Before emulating a form, a webbot should verify that the form variables it plans to submit are still in use in the submitted form. This check should verify the data pair names submitted to the form handler and the form's method and action. Listing 25-9 parses this information on a test page on the book's website. You can use similar scripts to isolate individual form elements, which can be compared to the variables in form emulation scripts.
<?
# Import libraries
include("LIB_http.php");
include("LIB_parse.php");
include("LIB_resolve_addresses.php");
# Identify location of form and page base address
$page_base ="http://www.schrenk.com/nostarch/webbots/";
$target = "http://www.schrenk.com/nostarch/webbots/easy_form.php";
$web_page = http_get($target, "");
# Find the forms in the web page
$form_array = parse_array($web_page['FILE'], $open_tag="<form", $close_tag="</form>");
# Parse each form in $form_array
for($xx=0; $xx<count($form_array); $xx++)
{
$form_beginning_tag = return_between($form_array[$xx], "<form", ">", INCL);
$form_action = get_attribute($form_beginning_tag, "action");
// If no action, use this page as action
if(strlen(trim($form_action))==0)
$form_action = $target;
$fully_resolved_form_action = resolve_address($form_action, $page_base);
// Default to GET method if no method specified
if(strtolower(get_attribute($form_beginning_tag, "method")=="post"))
$form_method="POST";
else
$form_method="GET";
$form_element_array = parse_array($form_array[$xx], "<input", ">");
echo "Form Method=$form_method<br>";
echo "Form Action=$fully_resolved_form_action<br>";
# Parse each element in this form
for($yy=0; $yy<count($form_element_array); $yy++)
{
$element_name = get_attribute($form_element_array[$yy], "name");
$element_value = get_attribute($form_element_array[$yy], "value");
echo "Element Name=$element_name, value=$element_value<br>";
}
}
?>
Listing 25-9: Parsing form values
Listing 25-9 finds and parses the values of all forms in a web page. When run, it also finds the form's method and creates a fully resolved URL for the form action, as shown in Figure 25-1.
Figure 25-1. Results of running the script in Listing 25-9
Adapting to Changes in Cookie Management
Cookie tolerance involves saving the cookies written by websites and making them available when fetching successive pages from the same website. Cookie management should happen automatically if you are using the LIB_http library and have the COOKIE_FILE pointing to a file your webbots can access.

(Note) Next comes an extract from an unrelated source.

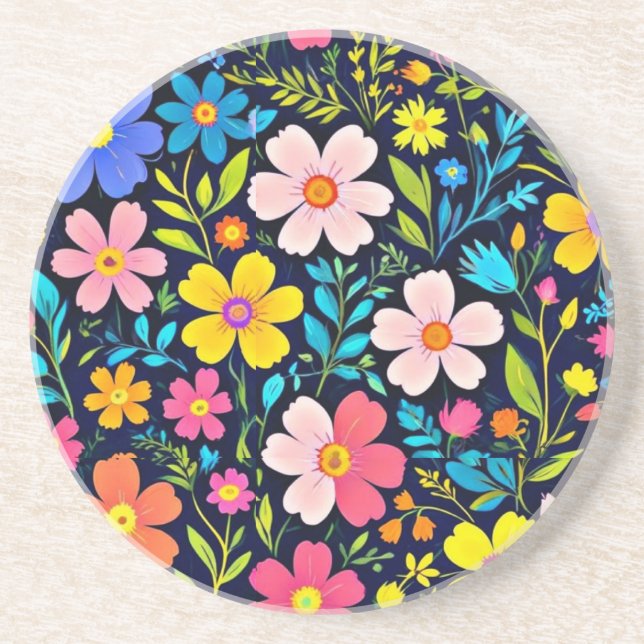Dessous De Verre En Grès Floral Digital Peinture Fleurs Motif-38875 (Devant)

One area of concern is that the LIB_http library (and PHP/CURL, for that matter) will not delete expired cookies or cookies without an expiration date, which are supposed to expire when the browser is closed. In these cases, it's important to manually delete cookies in order to simulate new browser sessions. If you don't delete expired cookies, it will eventually look like you're using a browser that has been open continuously for months or even years, which can look pretty suspicious.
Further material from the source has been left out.